▸ INFORMATION SHOWN:
---
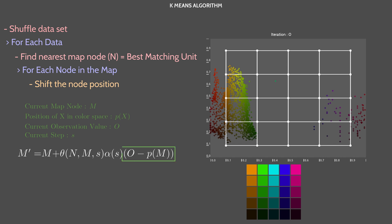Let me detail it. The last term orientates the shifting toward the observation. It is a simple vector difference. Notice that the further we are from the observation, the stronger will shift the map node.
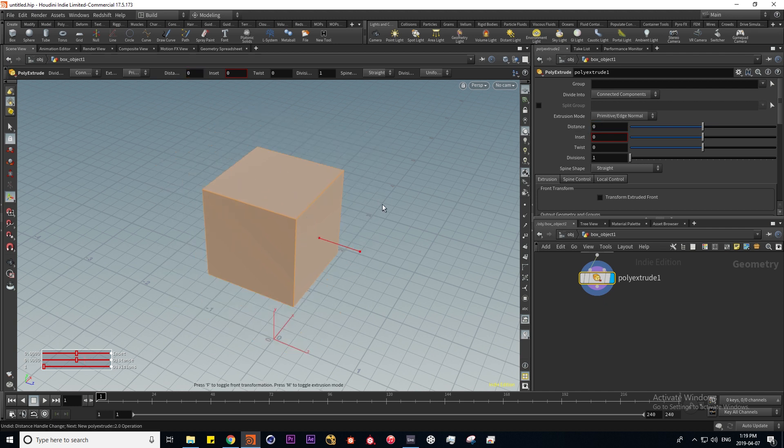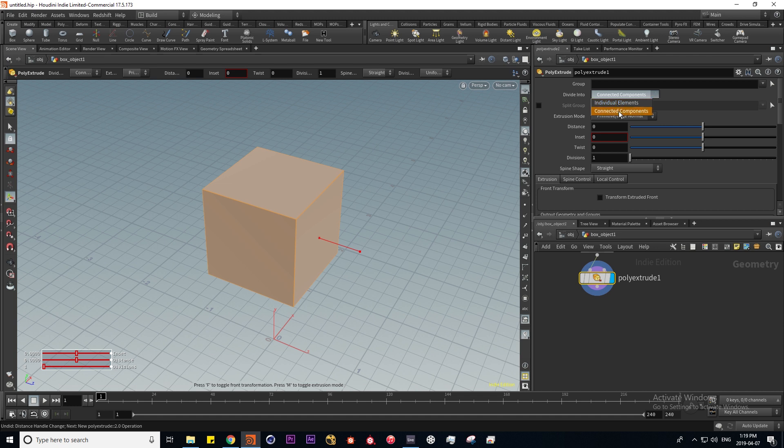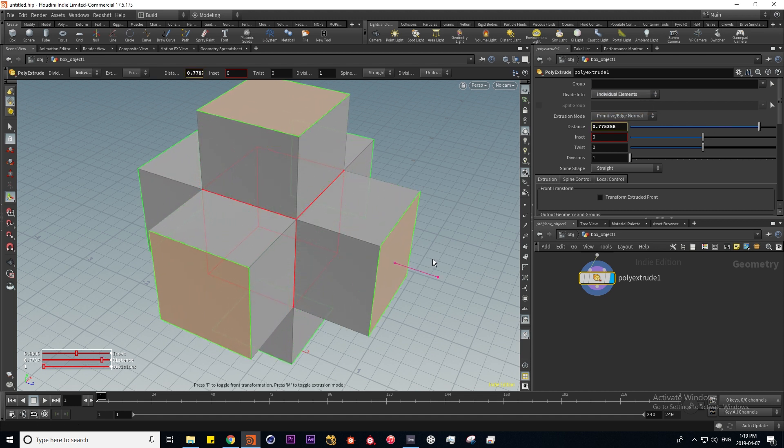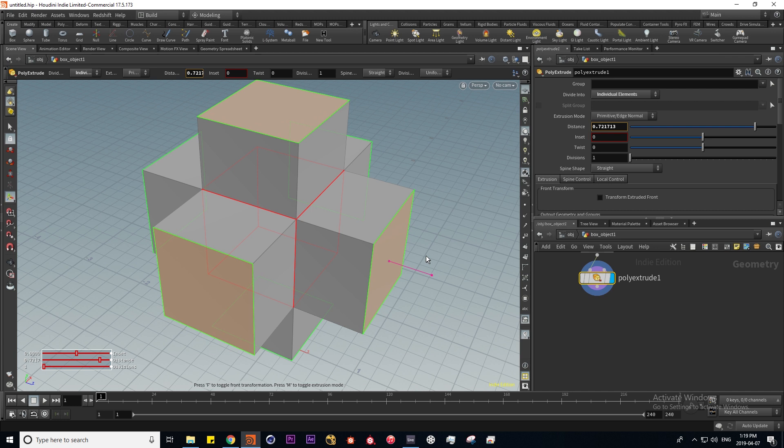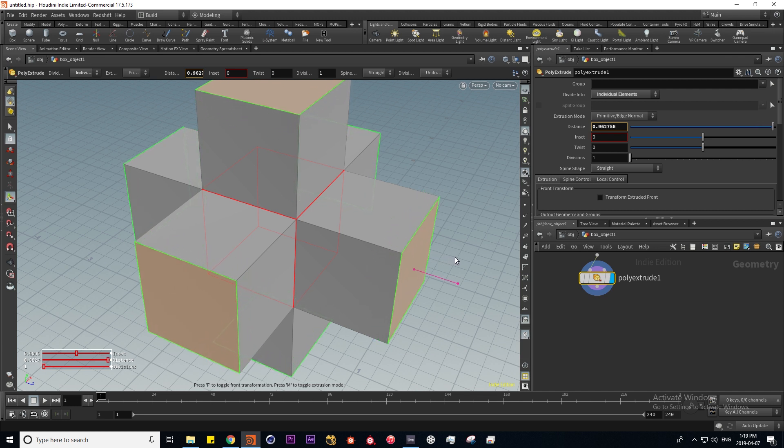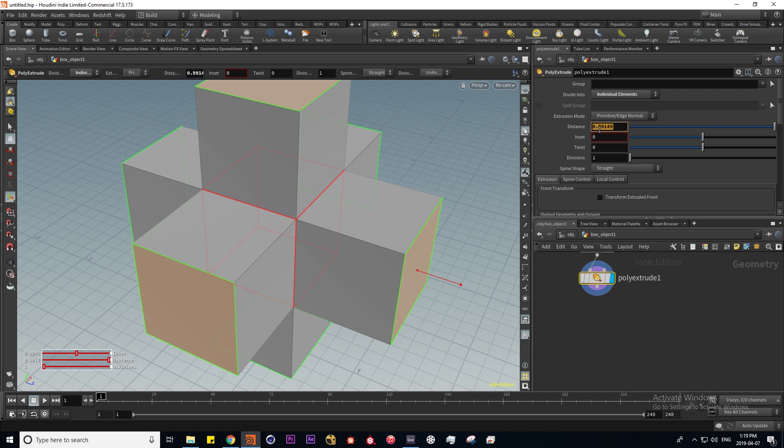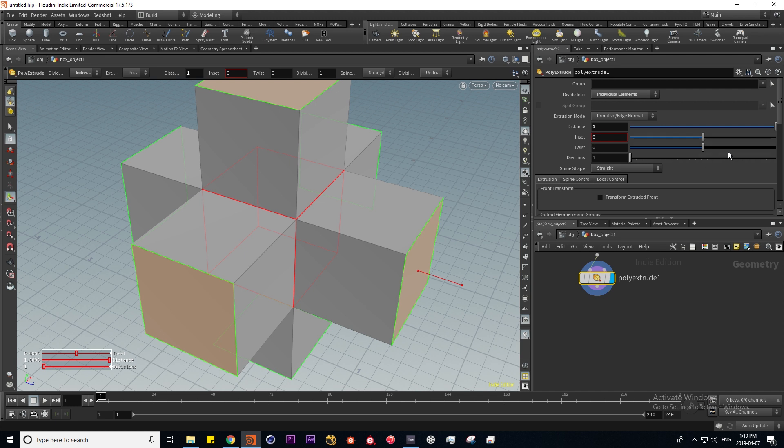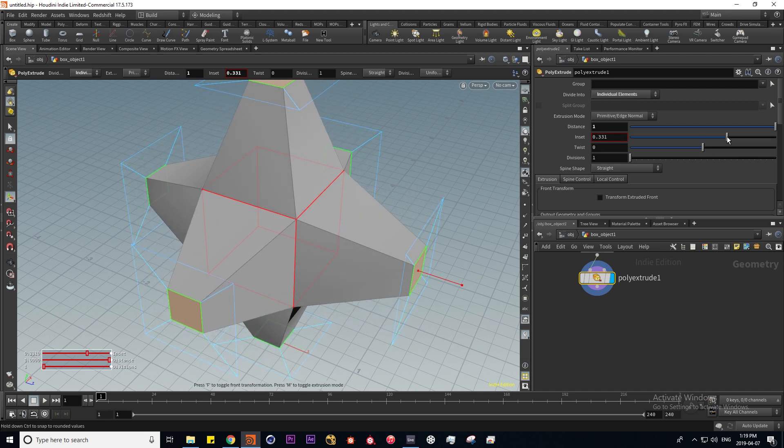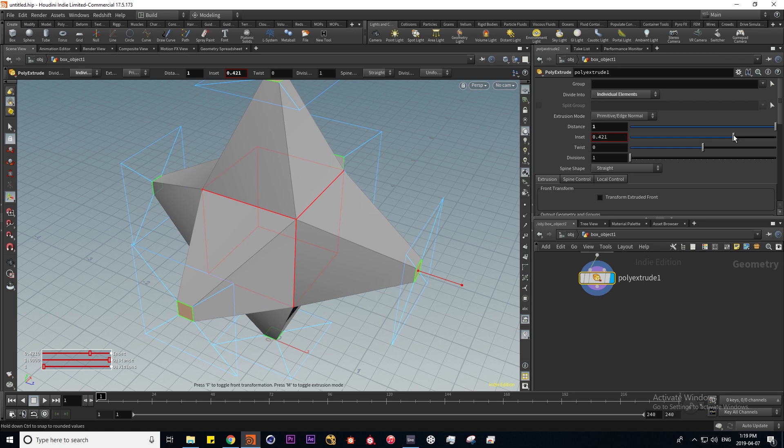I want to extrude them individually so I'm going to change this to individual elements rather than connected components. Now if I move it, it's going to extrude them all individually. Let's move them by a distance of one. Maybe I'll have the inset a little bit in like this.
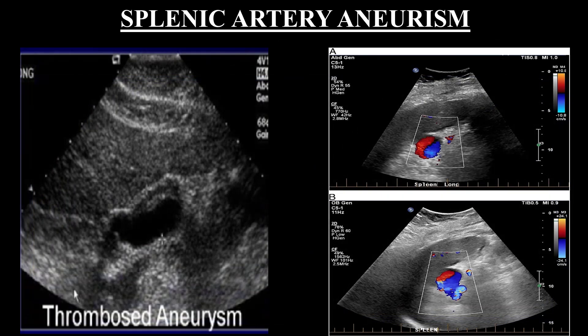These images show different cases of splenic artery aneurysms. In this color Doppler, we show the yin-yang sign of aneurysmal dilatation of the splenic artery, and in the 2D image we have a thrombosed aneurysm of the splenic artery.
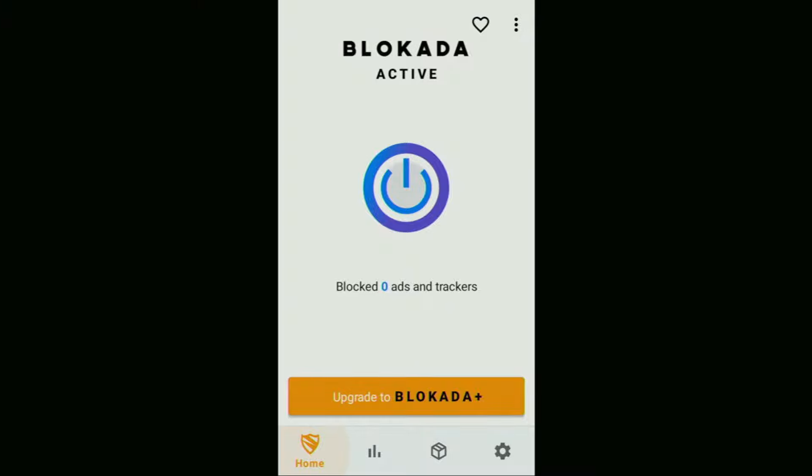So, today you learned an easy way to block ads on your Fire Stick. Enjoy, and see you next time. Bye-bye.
---
▸ WHAT IS BEING ASKED: Copy out the whole listing exactly. Skip its pictures.

▸ SOLUTION TO THE PROBLEM:
Let me detail it. The last term orientates the shifting toward the observation. It is a simple vector difference. Notice that the further we are from the observation, the stronger will shift the map node.
I want to extrude them individually so I'm going to change this to individual elements rather than connected components. Now if I move it, it's going to extrude them all individually. Let's move them by a distance of one. Maybe I'll have the inset a little bit in like this.
These images show different cases of splenic artery aneurysms. In this color Doppler, we show the yin-yang sign of aneurysmal dilatation of the splenic artery, and in the 2D image we have a thrombosed aneurysm of the splenic artery.
So, today you learned an easy way to block ads on your Fire Stick. Enjoy, and see you next time. Bye-bye.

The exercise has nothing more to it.